I am learning the concept of generating functions and am working on the following problem:
Let $r(n)$ be the number of $n$-permutations whose square is the identity permutation. We proved that $$r(n+2)=r(n+1)+(n+1)r(n)$$ if $n\geq 0$, while $r(0)=r(1)=1$. Use this recurrence relation to find an explicit formula for the generating function $R(x)=\sum_{n\geq 0} r(n)\frac{x^n}{n!}$.
I have two questions:
How do we know when to use an exponential generating function vs. when to use an ordinary generating function? I'm guessing it has something to do with $n\cdot r(n)$ vs. $c\cdot r(n)$ where $c$ is some constant.

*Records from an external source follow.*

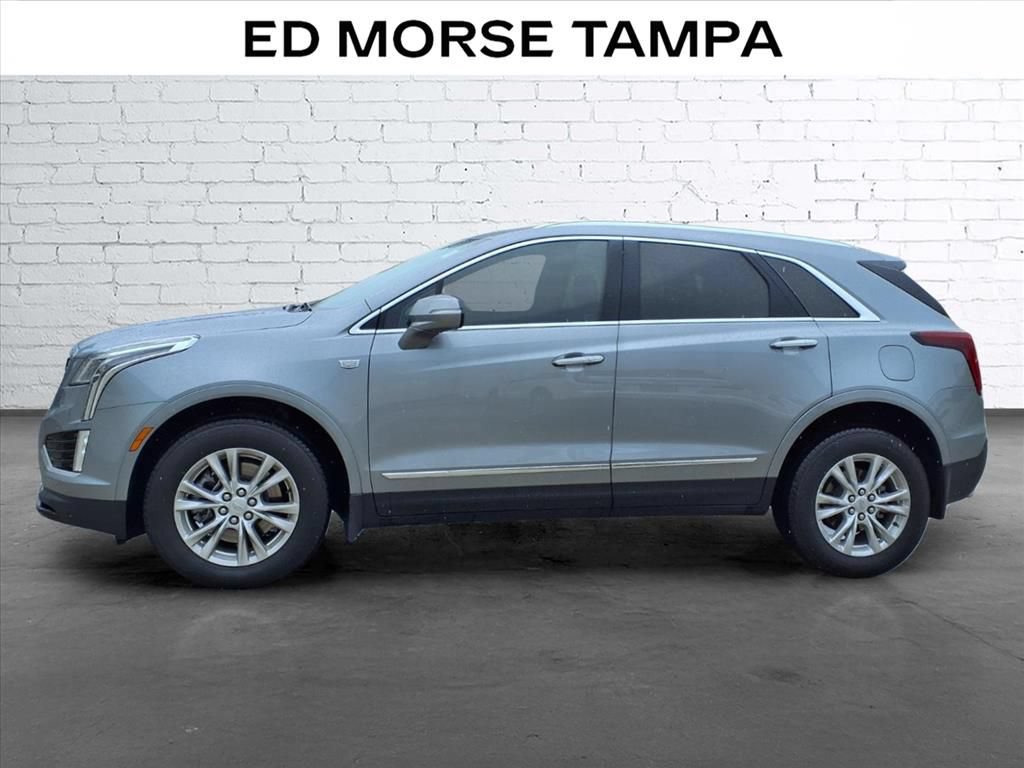 Used 2023 Cadillac XT5 Luxury FWD image 2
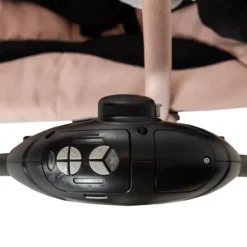 Qute Schommelstoel Q-Swing Softgrey Uil / Zwart Frame><noscript><img width=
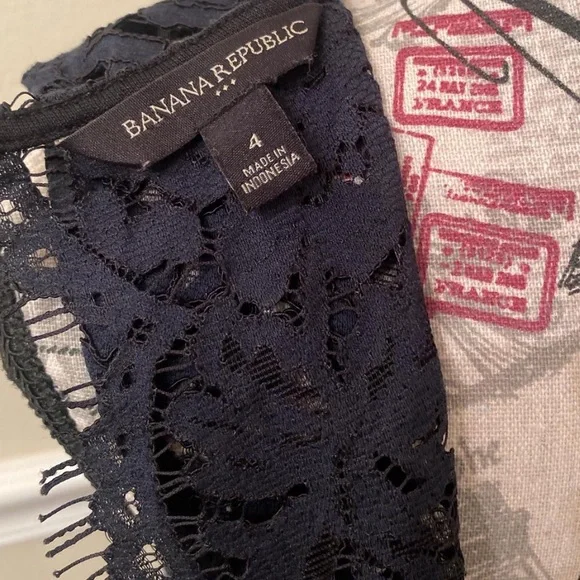 Banana Republic Navy Lace Sheath Dress Size 4 Elegant Cocktail Wedding Guest - Picture 5 of 10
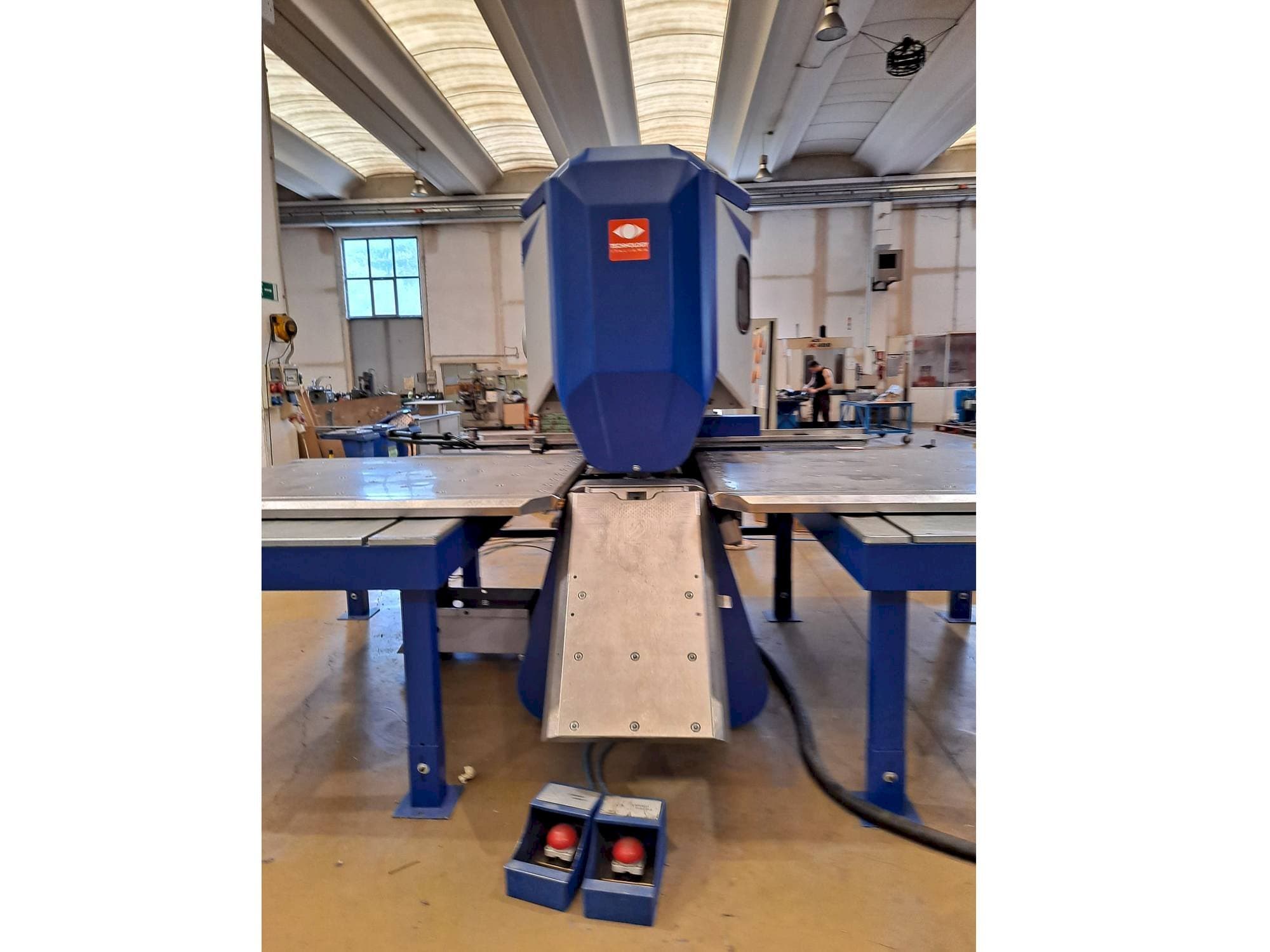 TECHNOLOGY Tecnotransfer 15sr 1500/2000-maskinen framifrån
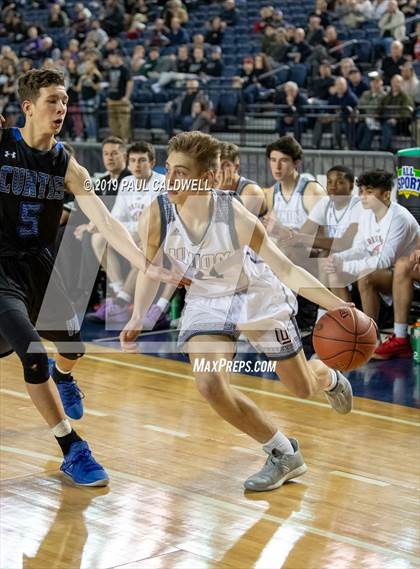 Thumbnail 3 in Curtis vs. Union (WIAA 4A Quarterfinal)  photogallery.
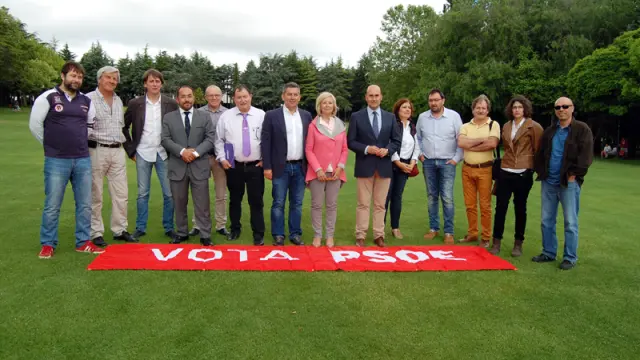 Fotografía de los 20 alcaldes del PSOE que se han reunido en la capital soriana.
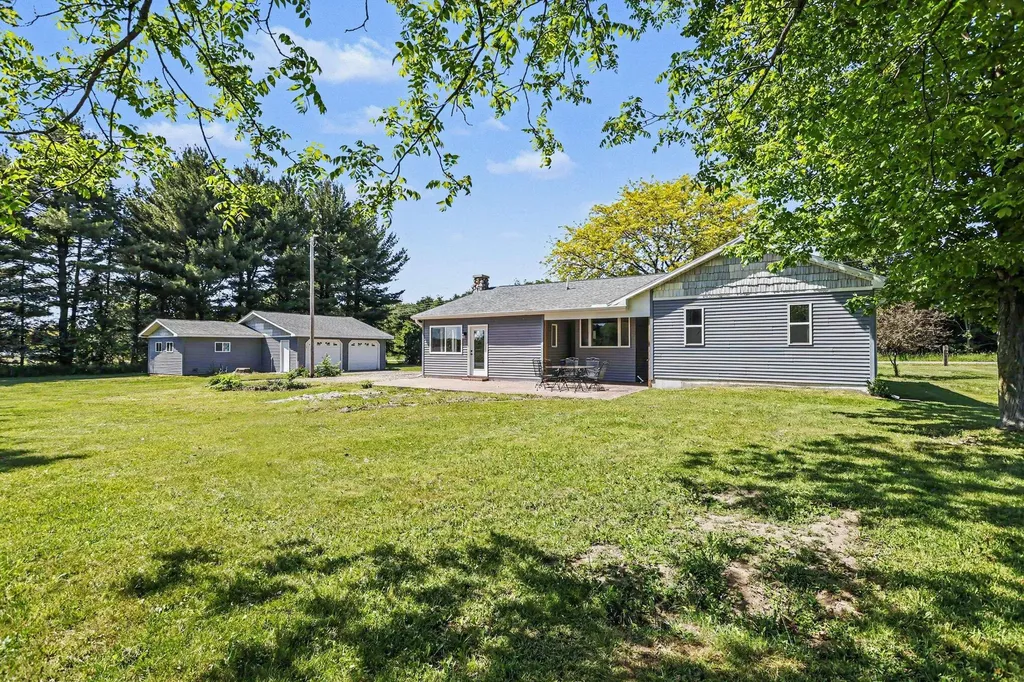 22111 Dutch Settlement Street Lagrange Township MI 49031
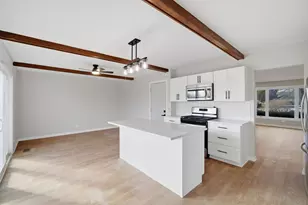 7873 Asbury Cir, Hanover Park, IL 60133 - Photo 7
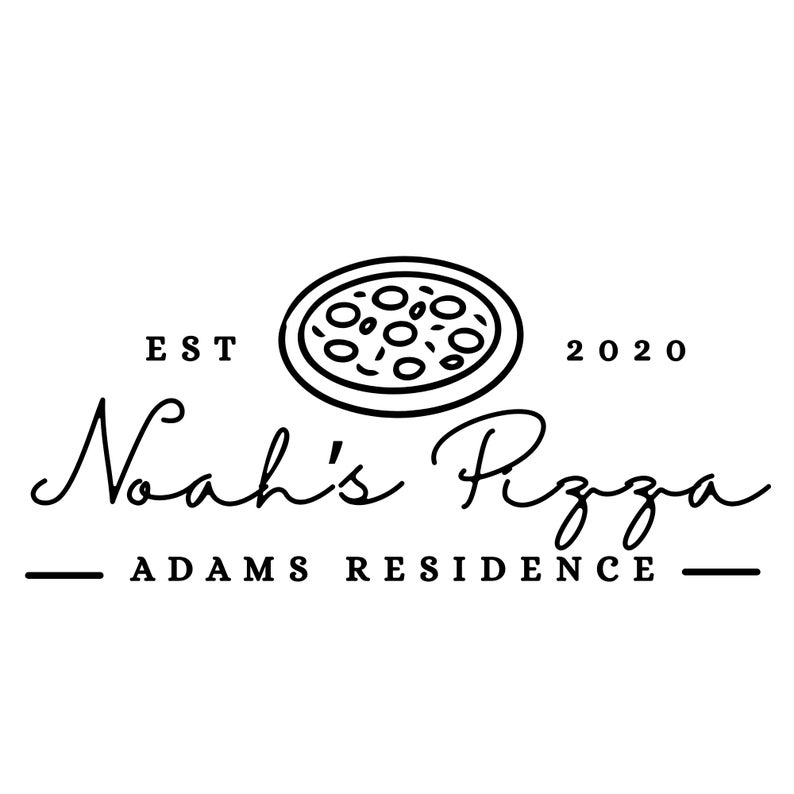 Może przedstawiać: Czarno-białe logo Noah's Pizza, z grafiką pizzy nad napisem "Noah's Pizza" w kursywie. Logo zawiera r&oacute;wnież "EST 2020" i "ADAMS RESIDENCE".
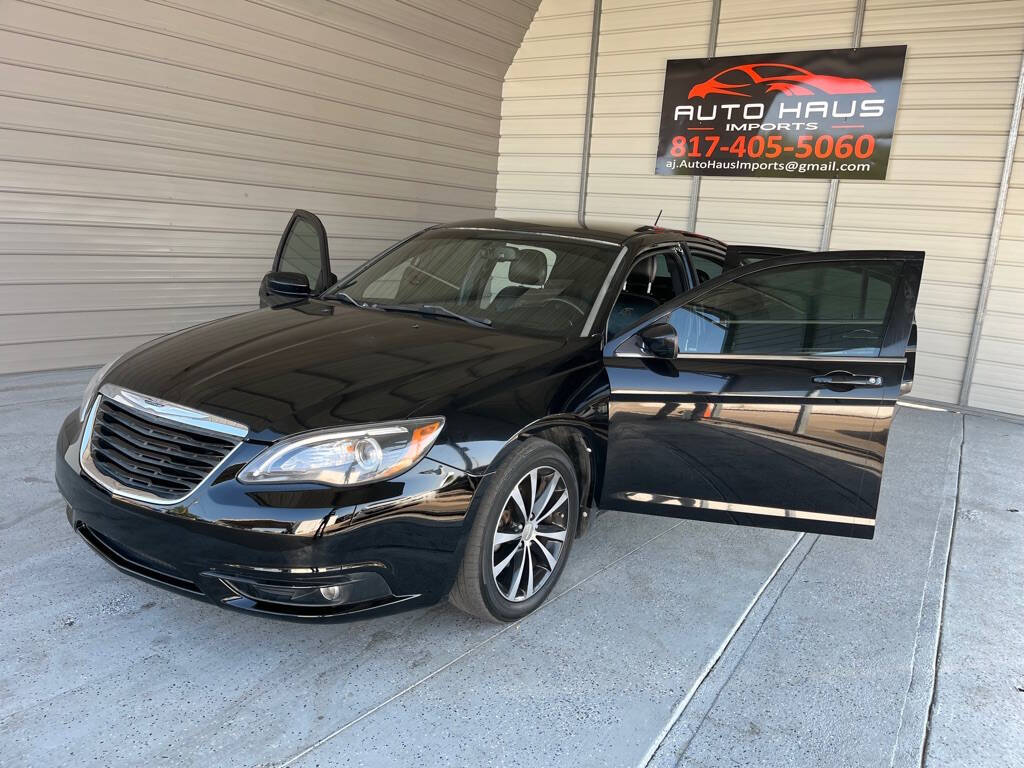 2011 Chrysler 200 for sale at Auto Haus Imports in Grand Prairie, TX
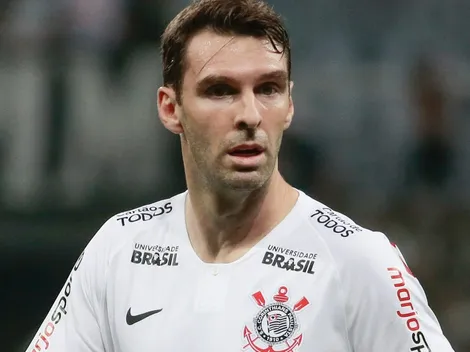 Boselli anuncia aposentadoria e se rende aos torcedores do Corinthians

I followed the usual routine of multiplying both sides of the recurrence relation by $\frac{x^n}{n!}$ and summing over all $n\geq 0$ to get $$\sum_{n\geq 0}r(n+2)\frac{x^n}{n!}=\sum_{n\geq 0}r(n+1)\frac{x^n}{n!}+\sum_{n\geq 0}(n+1)r(n)\frac{x^n}{n!}$$ which can be written as $$\sum_{n\geq 0}r(n+2)\frac{x^n}{n!}=\sum_{n\geq 0}r(n+1)\frac{x^n}{n!}+\sum_{n\geq 0}nr(n)\frac{x^n}{n!}+\sum_{n\geq 0}r(n)\frac{x^n}{n!}$$ Notice that $$R'(x)=\sum_{n\geq 1} r(n)\frac{nx^{n-1}}{n!}=\sum_{n\geq 0} r(n+1)\frac{(n+1)x^{n}}{(n+1)!}=\sum_{n\geq 0} r(n+1)\frac{x^{n}}{n!}$$ and $$R''(x)=\sum_{n\geq 2} r(n)\frac{n(n-1)x^{n-2}}{n!}=\sum_{n\geq 0} r(n+2)\frac{(n+2)(n+1)x^{n}}{(n+2)!}=\sum_{n\geq 0} r(n+2)\frac{x^{n}}{n!}$$ and $$xR'(x)=x\sum_{n\geq 1} r(n)\frac{nx^{n-1}}{n!}=\sum_{n\geq 0} r(n)\frac{nx^{n}}{n!}$$ Hence, $$R''(x)=R'(x)+xR'(x)+R(x)$$ $$R''(x)-(1+x)R'(x)-R(x)=0$$ This differential equation can be solved using the power series method. Indeed, suppose $R(x)=\sum_{k\geq 0}a_kx^k$. Substitution into the differential equation gives, $$\sum_{k\geq 2}a_kk(k-1)x^{k-2}-(1+x)\sum_{k\geq 1}a_kkx^{k-1}-\sum_{k\geq 0}a_kx^k=0$$ which can be simplified to $$\sum_{k\geq 0}\left[a_{k+2}(k+2)(k+1)-a_{k+1}(k+1)-a_kk-a_k\right] x^k=0$$ Hence we must have $$a_{k+2}(k+2)(k+1)-a_{k+1}(k+1)-a_kk-a_k=0$$ for $k\geq 0$. In other words, $$a_{k+2}=\frac{a_{k+1}(k+1)+a_k(k+1)}{(k+2)(k+1)}$$ for $k\geq 0$.
Now I computed (I think $a_0=a_1=1$ because $r(0)=r(1)=1$) $$k=0 \to a_2=1$$ $$k=1 \to a_3=\frac{2}{3}$$ $$k=2 \to a_4=\frac{5}{12}$$ $$k=3 \to a_5=\frac{13}{60}$$ which are exactly the coefficients of the series expansion of $e^{x+\frac{x^2}{2}}$. How can I show this? I was thinking to compute some values of $k$ (as I did above) and attempt to recognize a pattern. However, I am stuck on this part. Can I get some guidance?